> WORK INSTRUCTION
Each entry is to be retyped exactly as it appears. Leave the images out.

=== Begin Enclosure ===

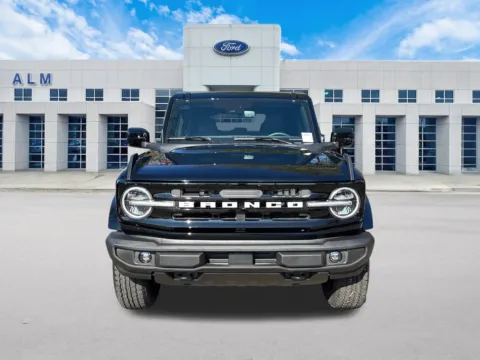 Photos of 2025 Ford Bronco Outer Banks for sale in Marietta, GA at ALM Ford Marietta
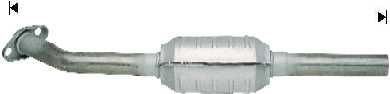 VEGAZ Catalytic converter Article number: OK-956 cheaply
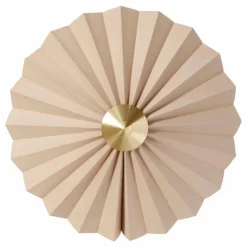Clearance Hübsch Applique Pliss | Sable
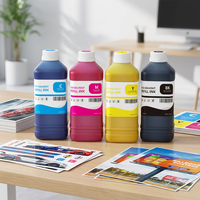 Encre éco-solvant en gros pour imprimante grand format Epson I3200 – Encre éco-solvant premium pour imprimante I3200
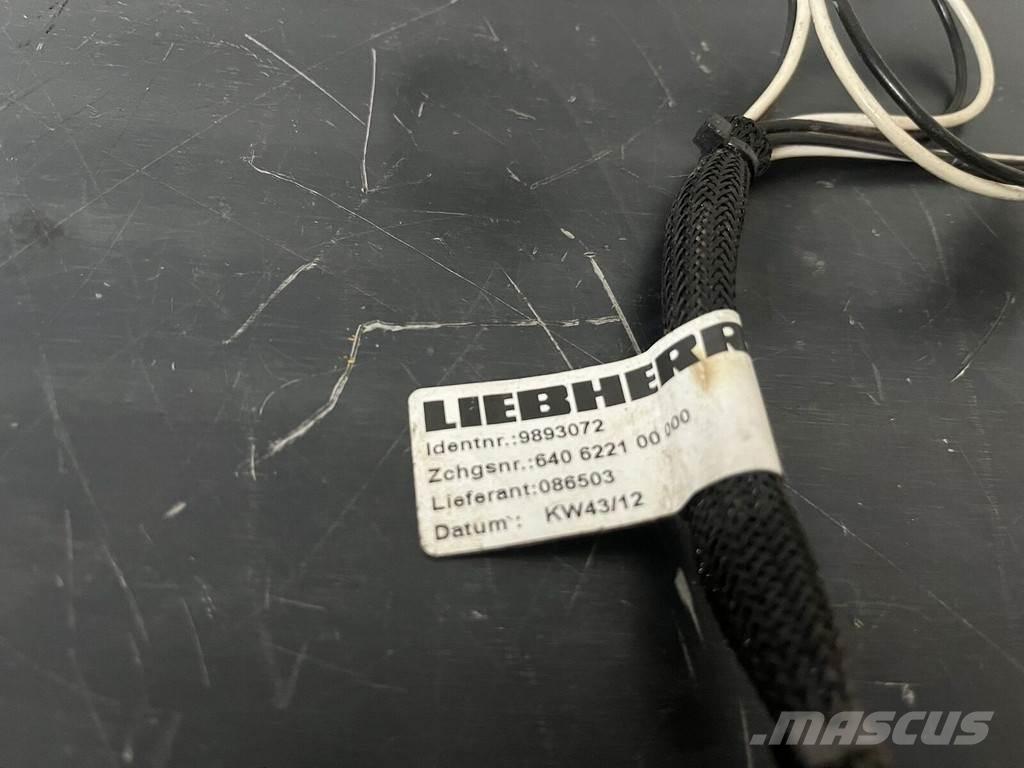 Liebherr Kabelboom Electronique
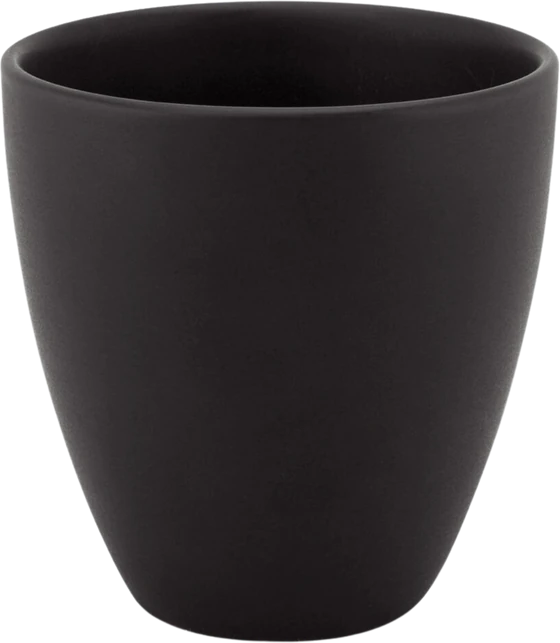 VT wonen Mini Becher Matt black
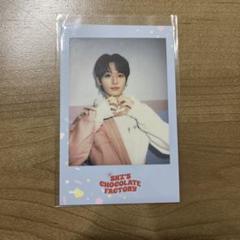 StrayKids リノ ChocolateFactory チェキ風トレカ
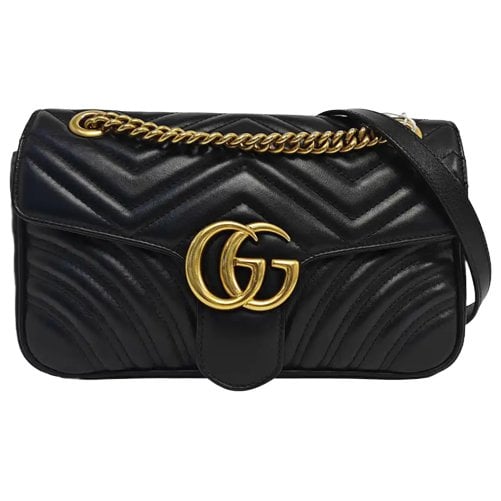 GG Marmont leather handbag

=== End Enclosure ===

> RESPONSE
 Photos of 2025 Ford Bronco Outer Banks for sale in Marietta, GA at ALM Ford Marietta
 VEGAZ Catalytic converter Article number: OK-956 cheaply
Clearance Hübsch Applique Pliss | Sable
 Encre éco-solvant en gros pour imprimante grand format Epson I3200 – Encre éco-solvant premium pour imprimante I3200
 Liebherr Kabelboom Electronique
 VT wonen Mini Becher Matt black
 StrayKids リノ ChocolateFactory チェキ風トレカ
 GG Marmont leather handbag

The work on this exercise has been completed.